Introduction
Sometimes you need to decouple method execution from method invocation. In such cases the Active Object design pattern is a good choice. It allows for more flexible and above all concurrent systems. One the of the hallmarks of this pattern is the fact that each method call is encapsulated, or packaged if you will in an object.
These objects are then placed in a queue. The Active Object itself then processes the queue in a separate thread.
This all sounds rather abstract, so we will implement a very simplified example.
Implementation in Go
In this example, we’ll create a basic log processor. Instead of writing logs directly to the console, we’ll use a queue to process log entries asynchronously. This is especially useful when dealing with time-consuming tasks like writing logs to a database or a remote server.
Let’s start:
package main
import (
"fmt"
"sync"
"time"
)
type LogSeverityType string
In most logging systems, you can usually have several types of severity, this is how we implement that in Go:
const (
Info LogSeverityType = "Info"
Warning LogSeverityType = "Warning"
Error LogSeverityType = "Error"
)
Now we come the LogMessage
itself:
type LogMessage struct {
Severity LogSeverityType
Message string
}
Now we come to the Active Object itself:
type ActiveLogger struct {
logQueue chan *LogMessage
stopEvent chan struct{}
wg sync.WaitGroup
}
func createActiveLogger() *ActiveLogger {
return &ActiveLogger{
logQueue: make(chan *LogMessage, 10),
stopEvent: make(chan struct{}),
}
}
Here some explanation is needed:
- First we need a queue of message to be processed.
- We also need to have a way to stop processing, that is what
stopEvent
is for. - Also we need wait for each sub-thread to end, hence the waitGroup.
Next we need to able to log:
func (l *ActiveLogger) Log(message *LogMessage) {
l.logQueue <- message
}
Next we can start processing:
func (l *ActiveLogger) StartLogProcessor() {
l.wg.Add(1)
go func() {
defer l.wg.Done()
for {
select {
case message := <-l.logQueue:
l.processMessage(message)
case <-l.stopEvent:
return
}
}
}()
}
Line by line:
- First of all we update the waitgroup
- Then we start a new go-routine.
- First we make sure the waitgroup is updated when we exit the routine, by use of the
defer
statement. - Next we enter an infinite loop
- when we find a message in the message queue, we process that
- In case we find somehing on
stopEvent
we return from the go-routine
Next we need to be able to stop the processor:
func (l *ActiveLogger) StopLogProcessor() {
close(l.stopEvent)
l.wg.Wait()
}
In this method we close the stopEvent, thereby stopping processing. Then we wait for all the go-routines to finish.
The processMessage
is now quite simple to write:
func (l *ActiveLogger) processMessage(m *LogMessage) {
fmt.Printf("Processing: (%s): %s\n", m.Severity, m.Message)

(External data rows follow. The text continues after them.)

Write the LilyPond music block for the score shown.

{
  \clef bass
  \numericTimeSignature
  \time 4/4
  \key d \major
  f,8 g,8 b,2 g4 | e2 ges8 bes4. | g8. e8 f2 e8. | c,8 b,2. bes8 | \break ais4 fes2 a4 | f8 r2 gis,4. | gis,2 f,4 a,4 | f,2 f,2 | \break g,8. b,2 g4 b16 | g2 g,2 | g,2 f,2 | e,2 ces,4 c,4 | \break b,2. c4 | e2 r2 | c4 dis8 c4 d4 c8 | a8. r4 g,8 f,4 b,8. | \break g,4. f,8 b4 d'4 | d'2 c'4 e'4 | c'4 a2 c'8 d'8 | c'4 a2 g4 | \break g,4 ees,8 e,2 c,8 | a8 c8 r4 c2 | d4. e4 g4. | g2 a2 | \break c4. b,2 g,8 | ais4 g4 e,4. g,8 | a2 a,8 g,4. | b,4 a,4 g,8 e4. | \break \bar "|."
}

time.Sleep(500 * time.Millisecond)
fmt.Printf("Processed: (%s): %s\n", m.Severity, m.Message)
}
Testing time
Now we can test this setup:
func main() {
logger := createActiveLogger()
logger.StartLogProcessor()
for i := 1; i <= 10; i++ {
message := &LogMessage{
Message: fmt.Sprintf("Message number is %d", i),
Severity: Info,
}
logger.Log(message)
}
message := &LogMessage{
Message: "There has been an error",
Severity: Error,
}
logger.Log(message)
time.Sleep(2 * time.Second)
logger.StopLogProcessor()
fmt.Println("Stopped log processor")
}
Line by line:
- We create our active object and start it. Remember that
StartLogProcessor
starts an infinite loop in a separate thread. - Next we create 10 new messages, and send them to the queue.
- We also add an extra error message.
- After two seconds we stop the processor, aqnd print a message.

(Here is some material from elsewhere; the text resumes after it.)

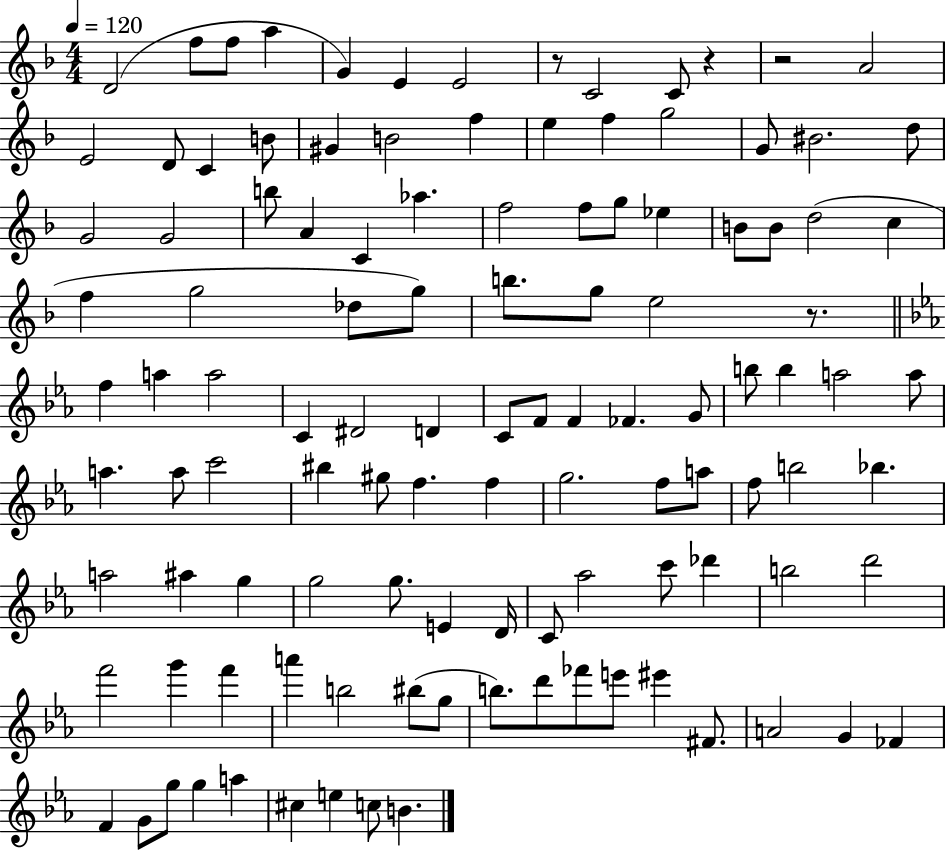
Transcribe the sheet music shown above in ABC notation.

Run this and you should see the messages appear in the console. Now increase the timeout in the processMessage()
method from 50 to 500 for example. This has to do with the fact that:
- This pattern is by definition asynchronous
- You shut down the Active Object before all items have been processed.
Conclusion
Go’s strong support for multi-threading makes implementing the Active Object pattern straightforward. This pattern is useful for various scenarios, such as message processing, printer spooling, or chat applications, where decoupling method execution from invocation and handling tasks concurrently is beneficial.